How do you feel when the reality of your life does not meet your expectations?
Do you feel anxious? Do you doubt God’s love for you?
In Spes Non Confundit, Pope Francis teaches these feelings are common to us all:
“Everyone knows what it is to hope. In the heart of each person, hope dwells as the desire and expectation of good things to come, despite our not knowing what the future may bring. Even so, uncertainty about the future may at times give rise to conflicting feelings, ranging from confident trust to apprehensiveness, from serenity to anxiety, from firm conviction to hesitation and doubt.” (1)
Last month we heard how an incurable illness crashed through the new marriage and dream of family for Deacon Tom and Mary Jane Fox. Out of human options for a cure, Mary Jane agreed to go to a parish healing service desperate to be healed.
1981-1983
Mary Jane: I felt so good after. The experience made me hungry for more. “Now what do I do?” I decided to go to daily Mass after work the following week. After Mass, a woman introduced herself to me and invited me to a parish prayer group. I went and was asked, “Why are you here?” I told my story and said, “I want healing. I want God to help me.” People in the group recommended I go see a man who has a prayer ministry and is known for his healing hands. When I heard that he prays over people, I immediately remembered the beautiful experience of the healing priest and thought, “That’s what I am looking for.”
I went the following Sunday. The man told me, “Don’t worry. Just close your eyes and imagine Jesus.” I didn’t know how to do this and asked him what he meant. He said, “Just picture Jesus.” I had no idea what picture to have so I just closed my eyes. I did not choose an image, but an image came to me: Jesus dressed in white stood at his tomb. He held one hand towards me and one hand towards the empty tomb. He looked at me and smiled.

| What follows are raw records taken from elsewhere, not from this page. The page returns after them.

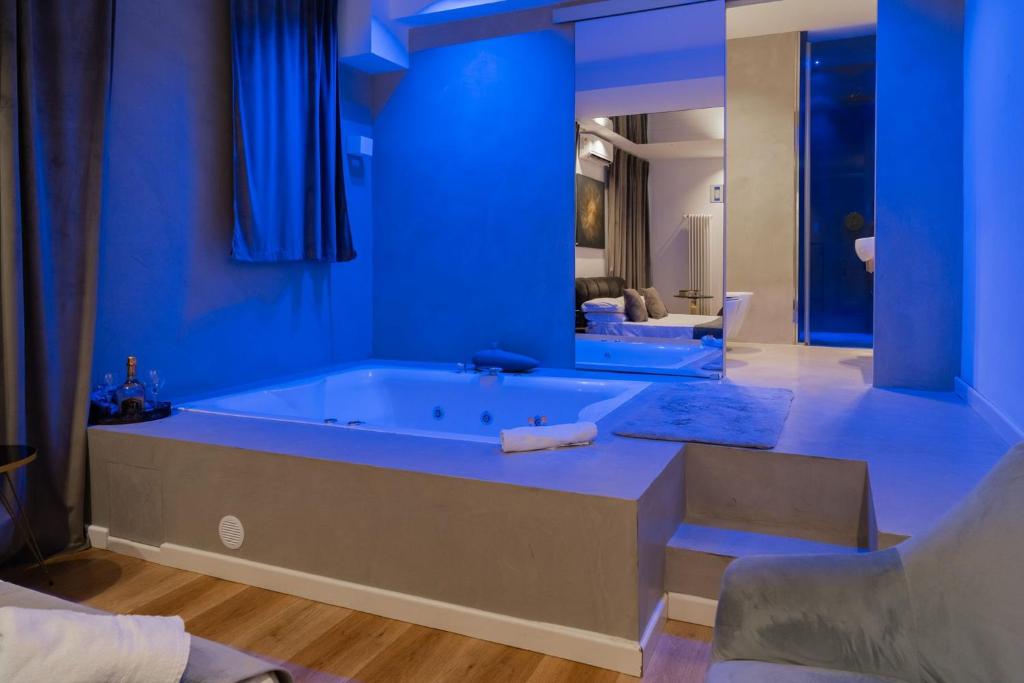 Four Luxury Suite - 1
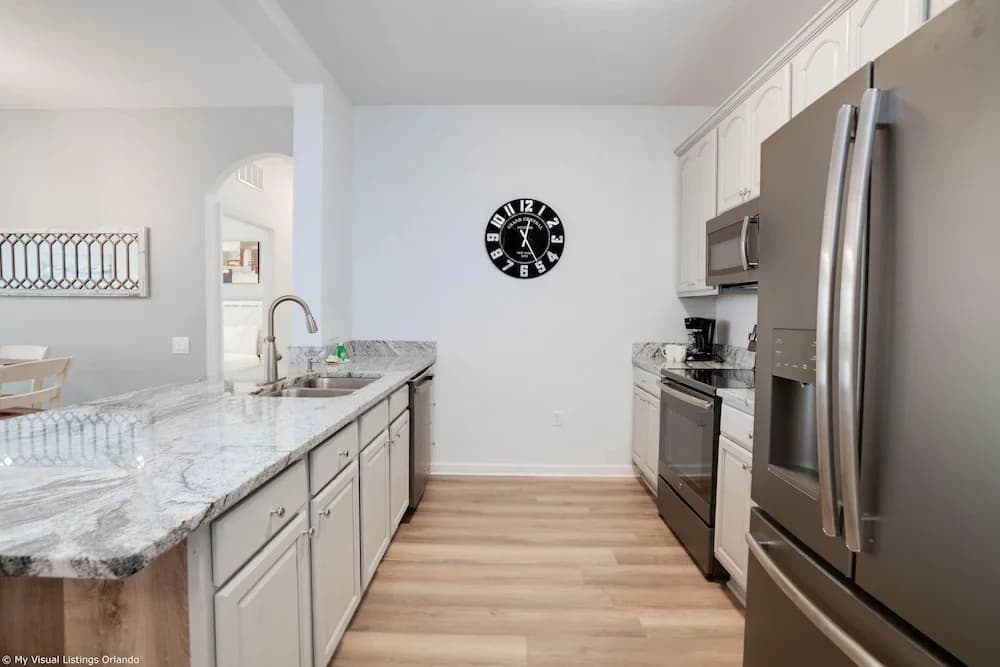Spacious and Lovely 3BD Unit With Balcony, Close to the Convention Center #3vc309 - photo 24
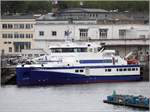 Die 2011 gebaute FROMVEUR (IMO 9588134) liegt am 25.04.2017 im Hafen von Brest. Sie ist 42,70 m lang un 9,90 m breit, hat eine GT/BRZ von 774 und eine DWT von 105 t. 365 Passagiere finden auf ihr Platz. Sie wird im Verkehr zu den bretonischen Inseln eingesetzt. Heimathafen ist Brest (Frankreich).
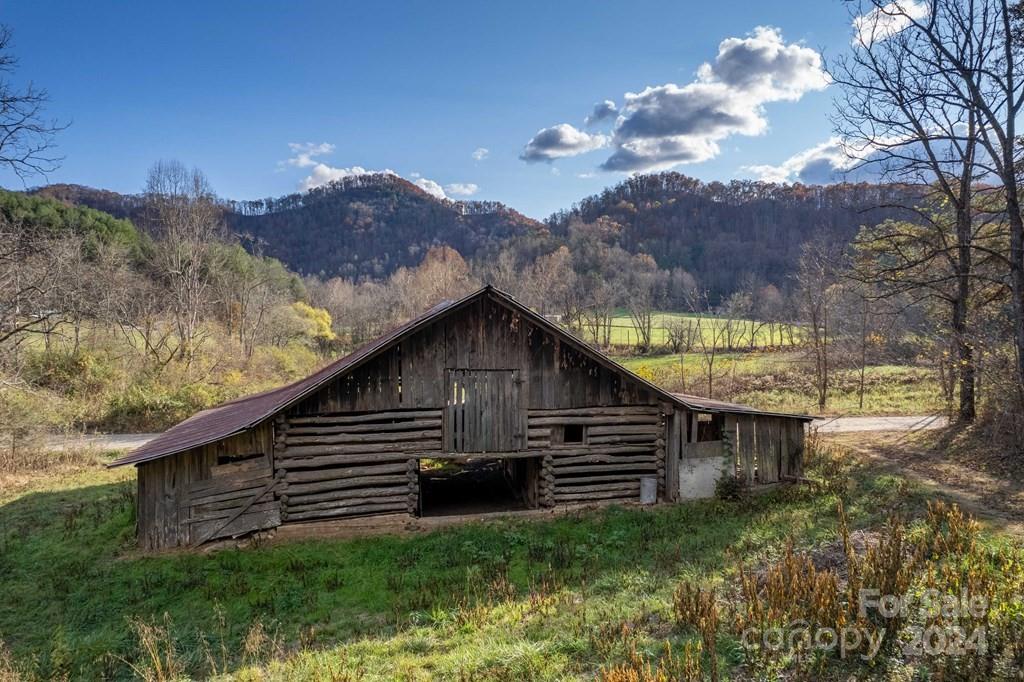 521 Hooper Cemetery Road Cullowhee, NC 28723 - Photo 8 of 12 Gallery Image 8
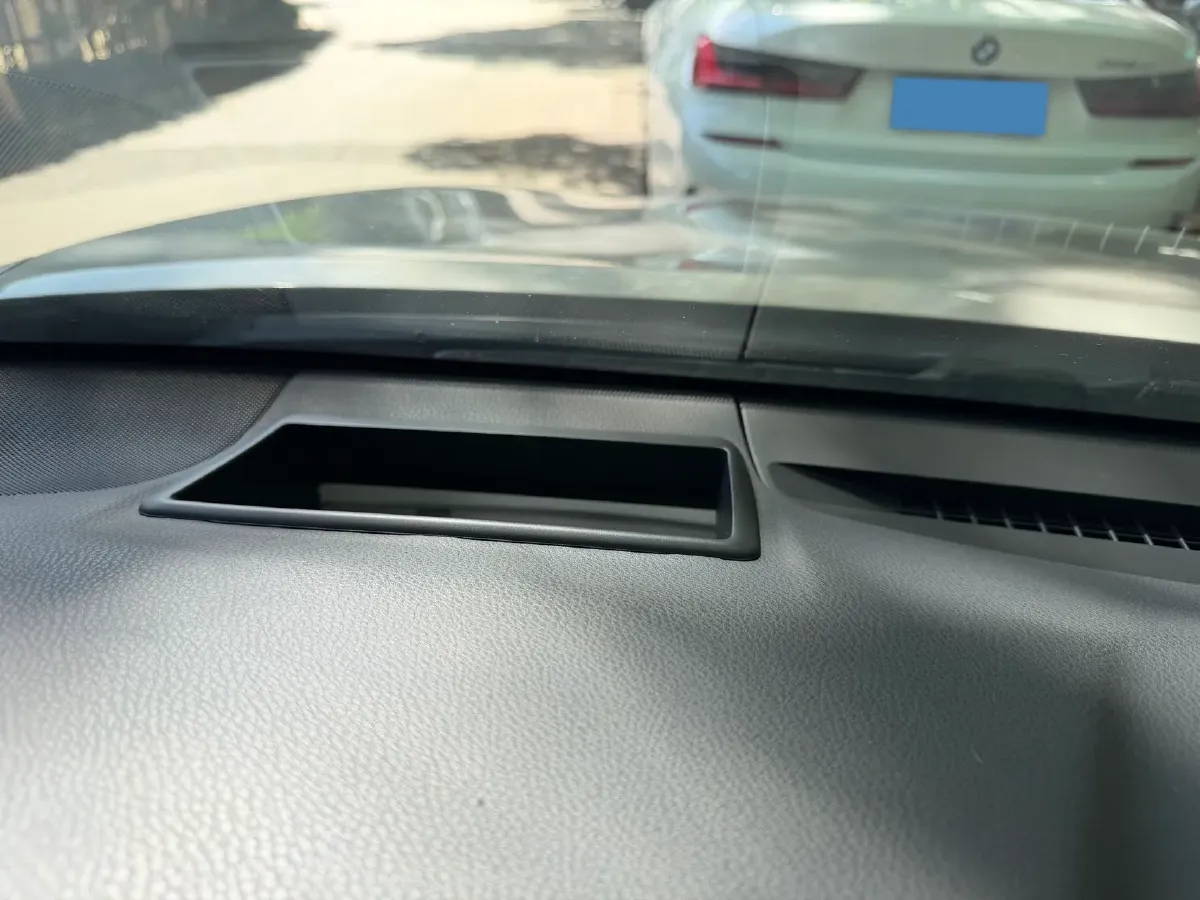 2019 Toyota Camry 2.5L 209HP L4 8AT,autocango,china used car exporter,china ev exporter,chinese used car exporter,chinese used ev exporter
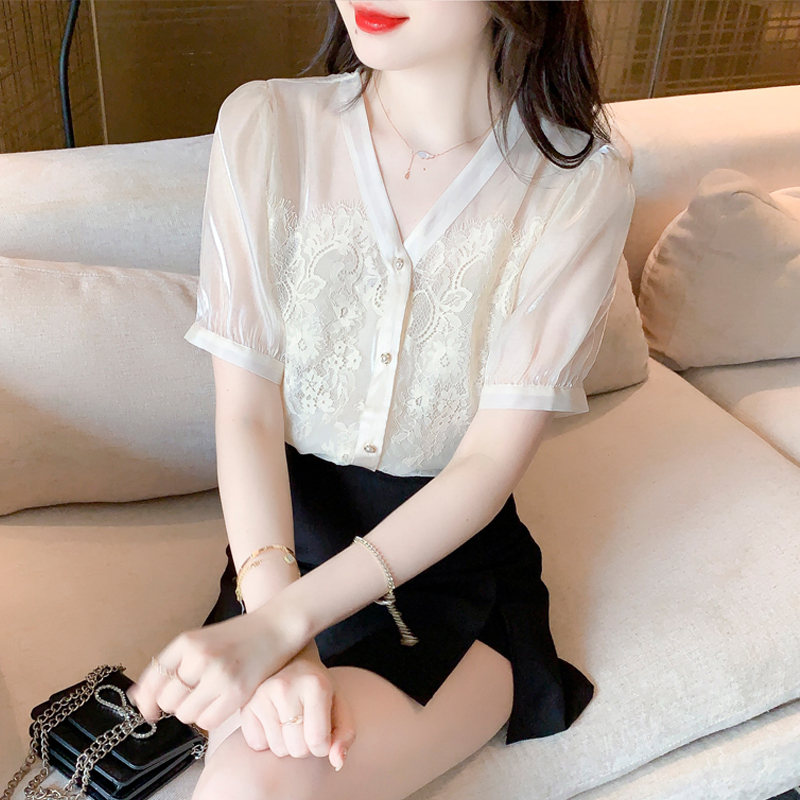 เสื้อลูกไม้ แขนสั้น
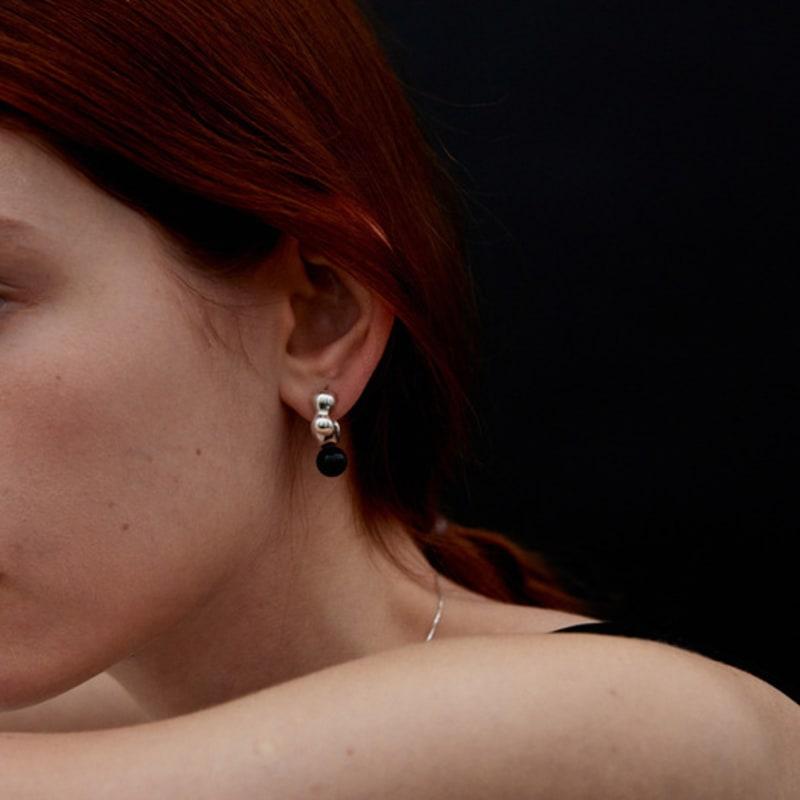 onill 05-14 Embrace (Earring)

It is so beautiful how patiently God waits, respecting our free will. As soon as you recognize it is God you need, you are able to hear Him knocking. It is really that simple. And when you finally open the door, He rushes in and embraces you through people He places in your life and opportunities that present themselves to you.
Deacon Tom: I could see Mary Jane was feeling good about herself. She stopped missing work, and her smile returned. She took her mother and grandmother with her to the prayer group and encouraged me to join them, but I was not ready to give up my Sunday routine of watching sports and enjoying a beer. Mary Jane visited her doctor. After the examination he said, “Wow! You don’t have endometriosis anymore. What happened? Except for the scars, nothing remains.” Mary Jane responded, “Well, God healed me. I know it.” The doctor looked very skeptical. He said, “Whatever you are doing, it worked.” She looked right at him and said, “It is God.” Mary Jane did not convince the doctor, but she did convince me.
Mary Jane: I knew that God had touched me and that He had healed me. I now had joy in the fact that God had looked at me. Tom saw the change in me and began attending the Sunday prayer meetings with me. We grew in a desire to know more about God and our Catholic faith. We also began reading Scripture and the lives of the saints and martyrs. It all really attracted us.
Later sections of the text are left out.